# [Dataset extract]

====

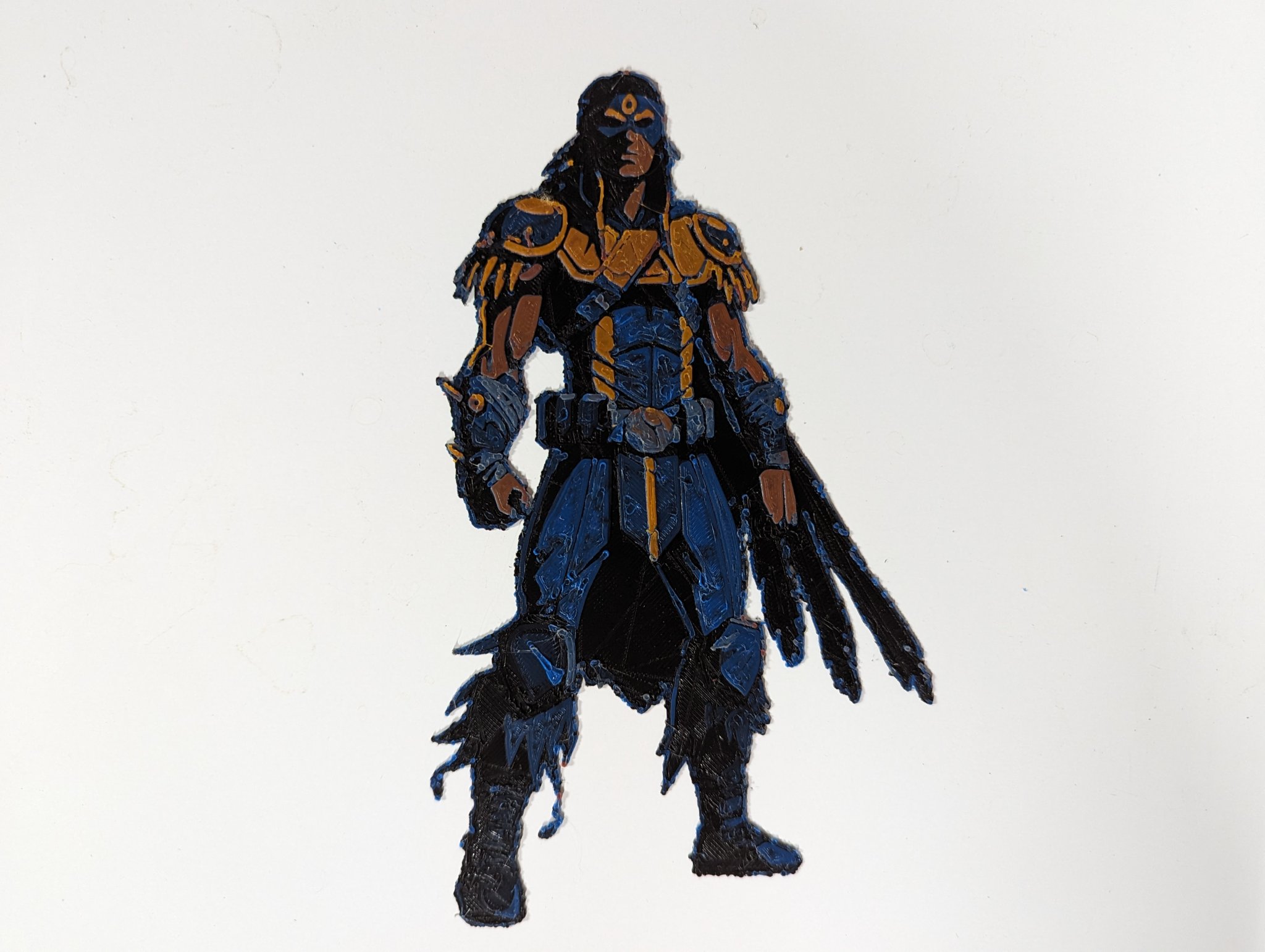 Chiến binh da đỏ Mỹ trong phong cách nghệ thuật HueForge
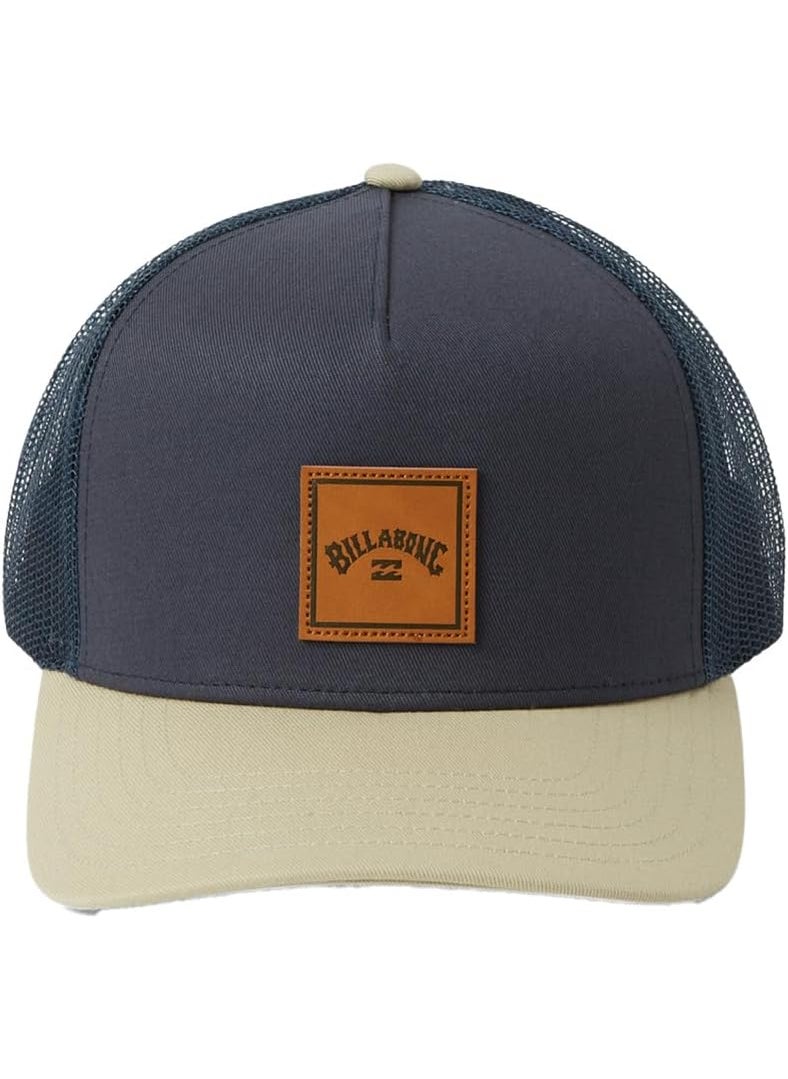 Billabong Billabong Mens Stacked Trucker Cap NavyKhaki  - Image 1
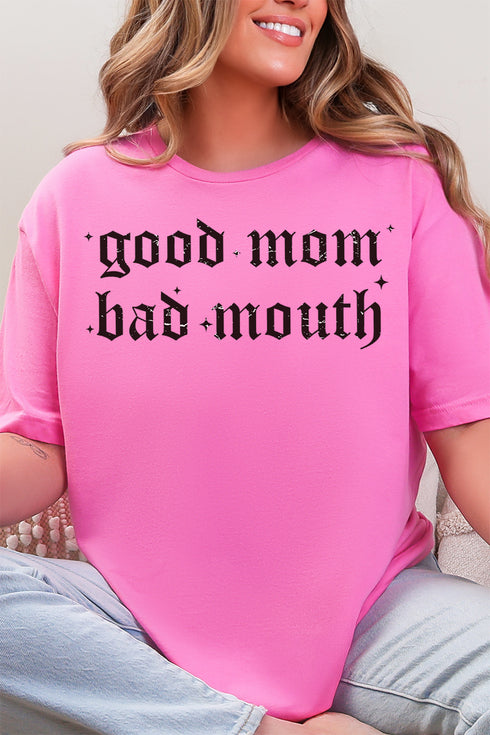 Good Mom, Bad Mouth Softstyle Adult T-Shirt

====

# [Work to be completed]
Nothing but the text is wanted: repeat the data above exactly, without its images.

# [Response to the exercise]
 Chiến binh da đỏ Mỹ trong phong cách nghệ thuật HueForge
 Billabong Billabong Mens Stacked Trucker Cap NavyKhaki  - Image 1
 Good Mom, Bad Mouth Softstyle Adult T-Shirt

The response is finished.